Second, we seek to bring the gospel to the ends of the earth. Christ himself said that he will return only when the gospel has been proclaimed to the ends of the earth ( Matt 24:14). In God’s sovereignty, he has arranged both the timing of Christ’s return and also the means that will usher his return. If we want our King to return to the earth and establish his kingdom, then we must labor to bring his gospel to the ends of the earth.
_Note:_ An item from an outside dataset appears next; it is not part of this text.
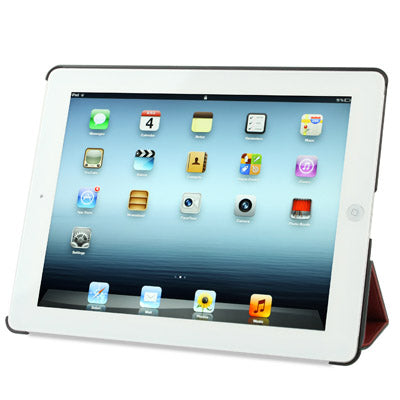 Ultra Slim 3-fold Leather Case with Holder & Sleep / Wake-up Function for New iPad (iPad 3) / iPad 2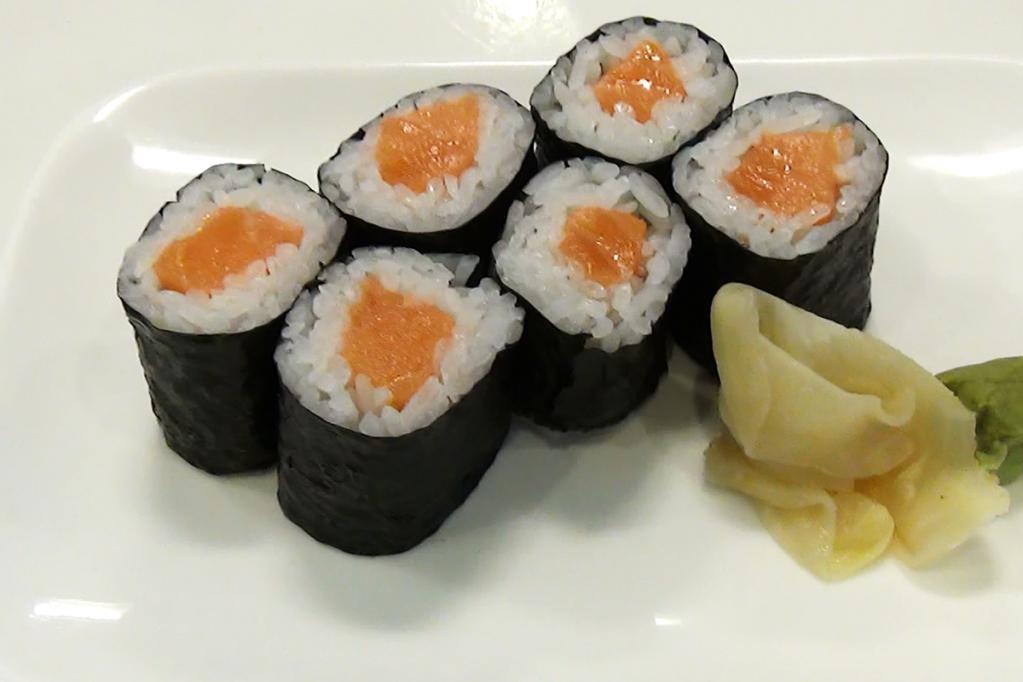 Salmon* Roll · Fresh salmon and rice rolled in seaweed. 250 calories. *We are required by the Health Department to inform you that consuming raw or undercooked meats, poultry, seafood, shellfish or eggs may increase your risk of foodborne illness, especially if you have certain medical conditions.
Third, we must labor to see people transferred into the kingdom as kingdom citizens. Man, in his depravity, lives under the dominion of Satan and as an enemy of God. But when Christ returns, many will have been converted from rebels to disciples of the King; people from every tribe, tongue, and nation. Citizens of the kingdom are synonymous with disciples of Christ. Current followers of Christ will be the future citizens and heirs of the kingdom. Those who are today under the spiritual reign of Christ will participate in the future reign in his kingdom. And the vehicle that Christ has chosen to carry out this disciple-making commission is none other than his church. Hence, we ought to engage in making disciples of all nations.
What is certain is that Christ is coming again. What is uncertain is whether you and I will be found as faithful laborers who spent our lives wholly invested in His kingdom. So, seek his kingdom and his righteousness first, and all things will be added unto you.
 John Piper, Sermon “How the Supremacy of God Creates Radical Christian Sacrifice,” from Together for the Gospel 2008.